W tym tygodniu jego drużyna trenowała na boisku ze sztuczną nawierzchnią z zadaszeniem przy Bułgarskiej. Na zajęciach zabrakło przebywających na kwarantannie zawodników mieszkających na co dzień we wronieckim internacie. Do treningów z zespołem wrócił już na pełnych obrotach Oleksandr Yatsenko, a za około dwa tygodnie można się na nich spodziewać także wracającego po kontuzji Damiana Kołtańskiego. Wiadomo już też, że przerwa czeka Huberta Sobola, który zerwał więzadła poboczne w kostce.

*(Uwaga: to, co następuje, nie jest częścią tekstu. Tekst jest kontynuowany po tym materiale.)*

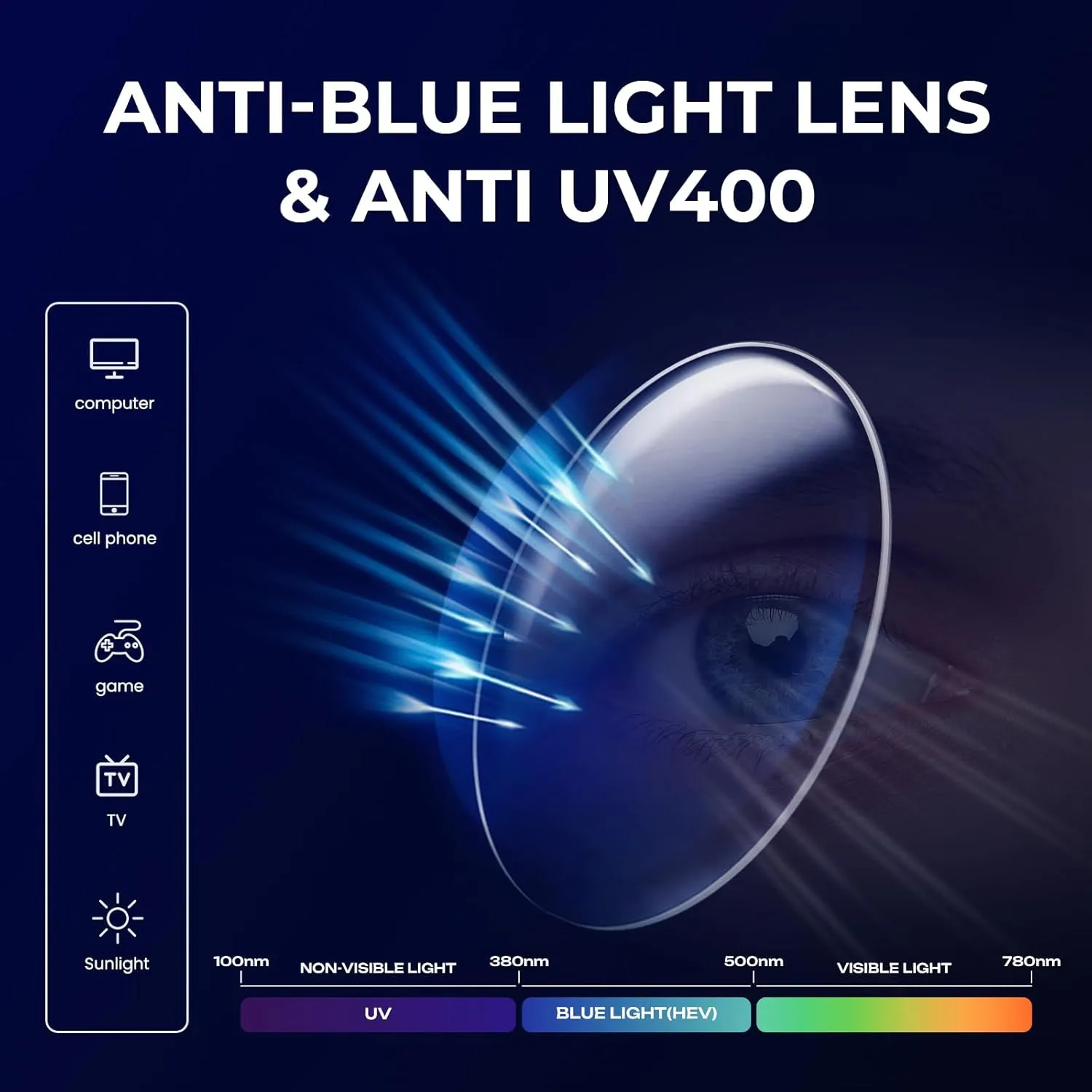 Round Reading Glasses Women - Blue Light Blocking Readers with Spring Hinge Ultra Lightweight Circle Reading Glasses FT2121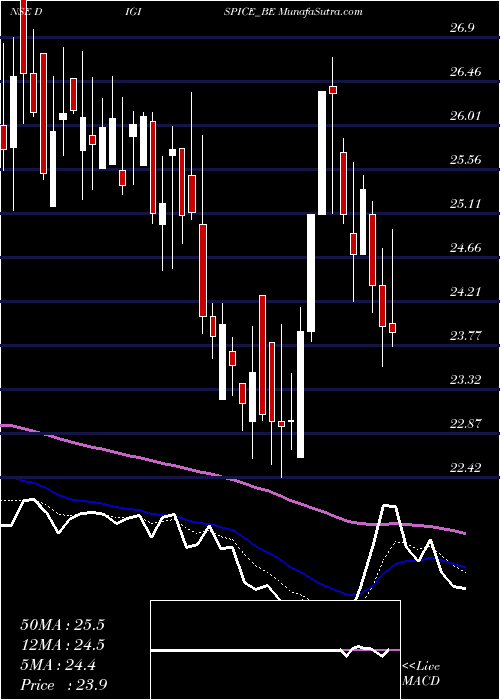  Daily chart Digispice Technologies Lt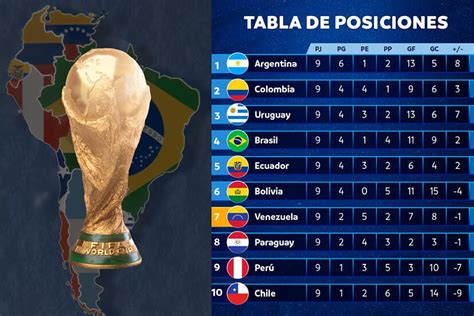 Eliminatorias los resultados de la décima fecha y cómo quedó la tabla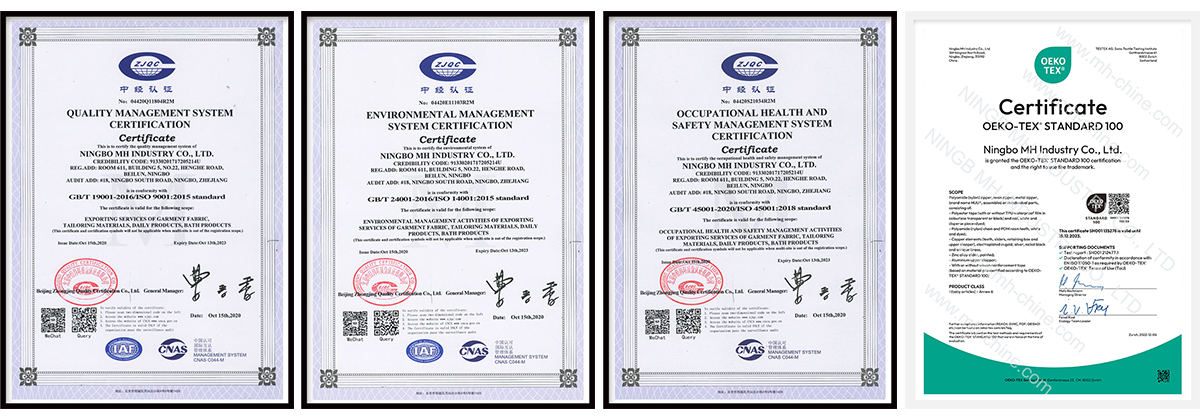 zipper certificate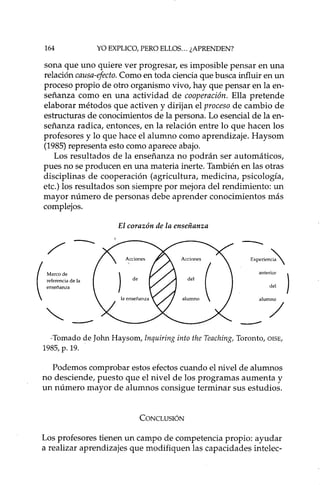 164 YO EXPLICO, PERO ELLOS ... ¿APRENDEN?
sona que uno quiere ver progresar, es imposible pensar en una
relacióncausa-efecto. Como en toda cienciaque busca influir en un
proceso propio de otro organismo vivo, hay que pensar en la en-
señanza como en una actividad de cooperación. Ella pretende
elaborar métodos que activen y dirijan el proceso de cambio de
estructuras de conocimientos de la persona. Lo esencial de la en-
señanza radica, entonces, en la relación entre lo que hacen los
profesores y lo que hace el alumno como aprendizaje. Haysom
(1985)representa esto como aparece abajo.
Los resultados de la enseñanza no podrán ser automáticos,
pues no se producen en una materia inerte. También en las otras
disciplinas de cooperación (agricultura, medicina, psicología,
etc.) los resultados son siempre por mejora del rendimiento: un
mayor número de personas debe aprender conocimientos más
complejos.
El corazón de la enseñanza
--
Experien~
anterior )
del
alumno
/-~Tomadode John Haysom, lnquiring into the Teaching, Toranto, OISE,
1985, p. 19.
Podemos comprobar estos efectoscuando el nivel de alumnos
no desciende, puesto que el nivel de los programas aumenta y
un número mayor de alumnos consigue terminar sus estudios.
CONCLUSIÓN
Los profesores tienen un campo de competencia propio: ayudar
a realizar aprendizajes que modifiquen las capacidades intelec-
 
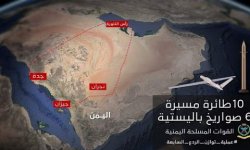 عمليات توازن الردع اليماني المستمر .." رسائل ودلالات"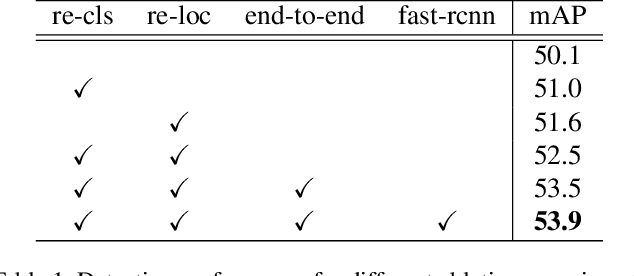 Figure 2 for SLV: Spatial Likelihood Voting for Weakly Supervised Object Detection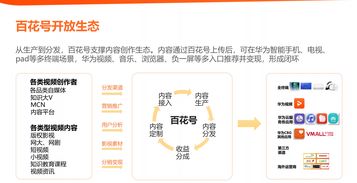 华为电脑怎么开店赚钱的(华为电脑开店赚钱的全攻略)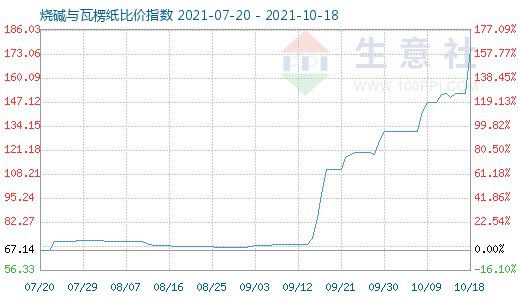 10月18日燒堿與瓦楞紙比價指數(shù)圖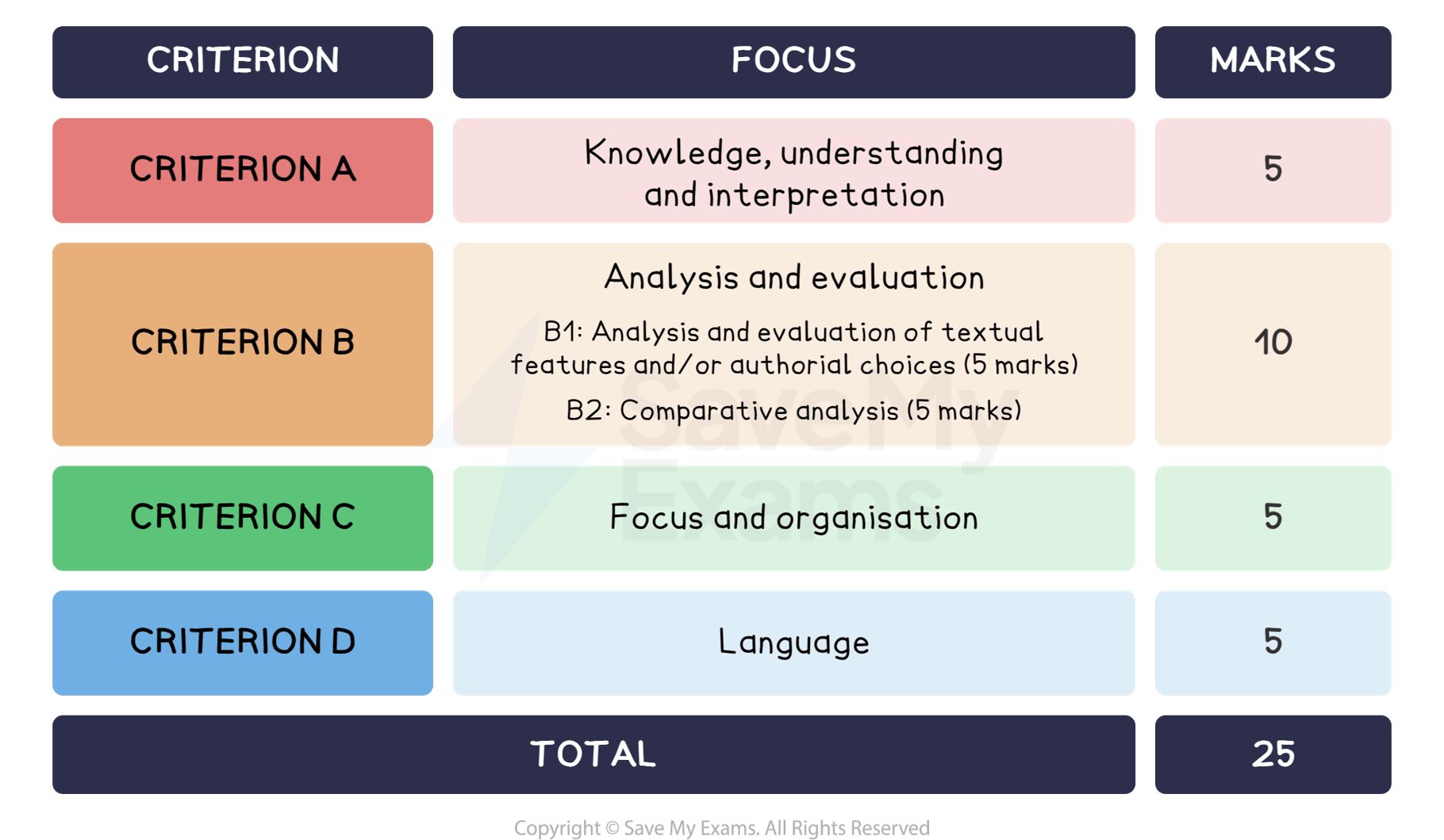 Paper 2 assessment criteria : DP IB English A: Language and Literature (HL): Paper 2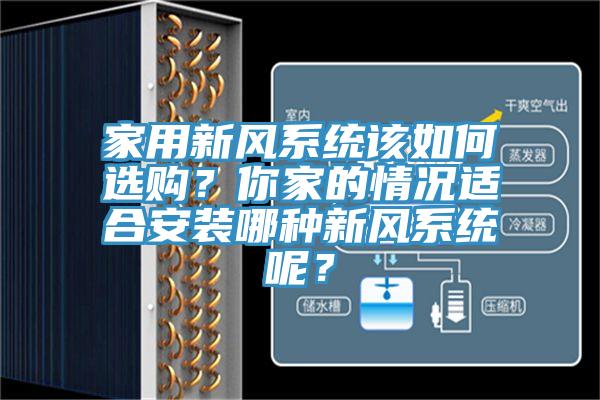 家用新風(fēng)系統(tǒng)該如何選購？你家的情況適合安裝哪種新風(fēng)系統(tǒng)呢？
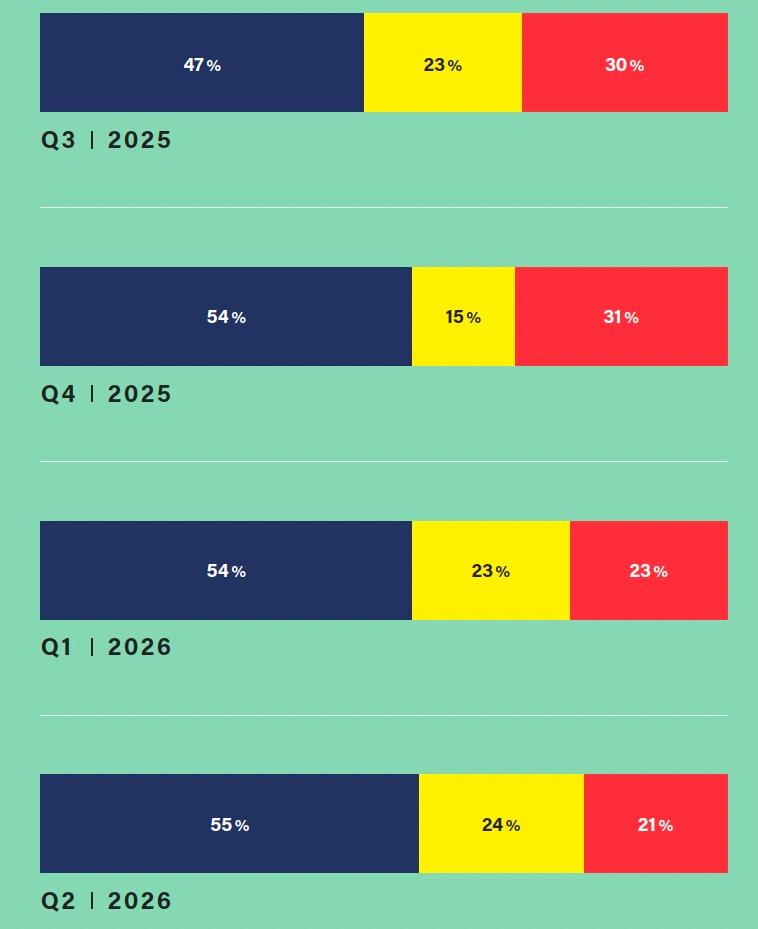 Budget Projections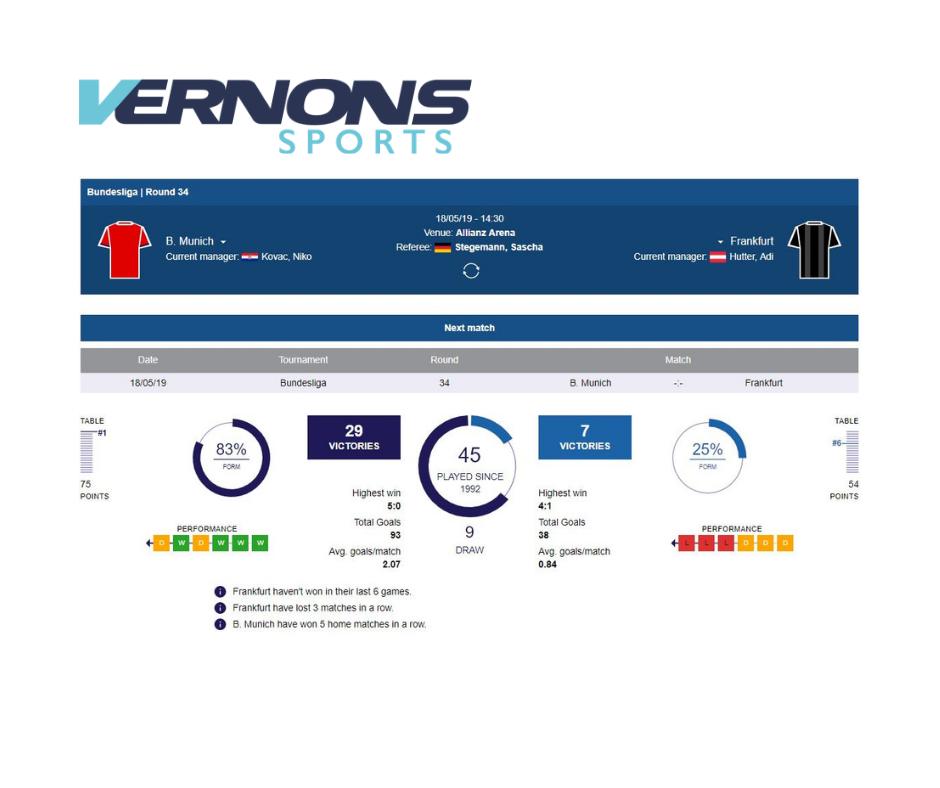 BetVernons's tweet photo. Bayern Munich (1/4) v Eintracht Frankfurt (11/1)
📅 Sat 2:30pm KO 
📺 BT Sport Extra 4

Bet here ➡️ https://t.co/kVrvR3RXDV

**Odds correct at time of writing

18+; GB only; Terms &amp; eligibility conditions apply; be gamble aware

#FCBSGE https://t.co/ohyx064bSe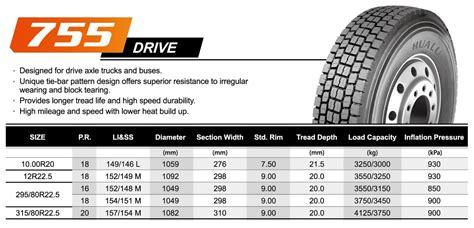 Semi Truck Tire Sizes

Kadra drugiej drużyny Lecha Poznań na nadchodzącą rundę wiosenną nabiera już coraz bardziej realnego kształtu. W miniony weekend dołączyli do niej Sergey Krivets oraz Wojciech Onsorge, a przez ostatnie dwa tygodnie przygotowań jej szkoleniowiec chciałby już pracować z tymi zawodnikami, którzy ligowe zmagania rozpoczną jako gracze rezerw. - Jesteśmy już bliscy tego, żeby skompletować kadrę na tę wiosnę, niewiele już będziemy w niej zmieniać. Chcielibyśmy jednak przepracować ostatnie dwa pełne tygodnie w naszym docelowym składzie - podkreśla młody trener.
Aktualnie najmocniej skupia się on w codziennym funkcjonowaniu swojego zespołu nad poprawą ataku pozycyjnej oraz organizacji gry defensywnej. To na tych polach jego podopieczni mają największe rezerwy. - Staramy się udoskonalać kolejne elementy w ataku pozycyjnym, w którym chcemy wprowadzić pewne automatyzmy i rozwiązania umożliwiające nam strzelanie większej liczby goli. Pamiętamy przy tym organizacji w obronie wysokiej i średniej, żeby faza przejścia z ataku do obrony była jeszcze bardziej skonsolidowana, a nasze ustawienie kompaktowe - opisuje szkoleniowiec, którego zawodnicy tydzień przed startem ligi zagrają jeszcze z trzecioligowym Górnikiem Konin.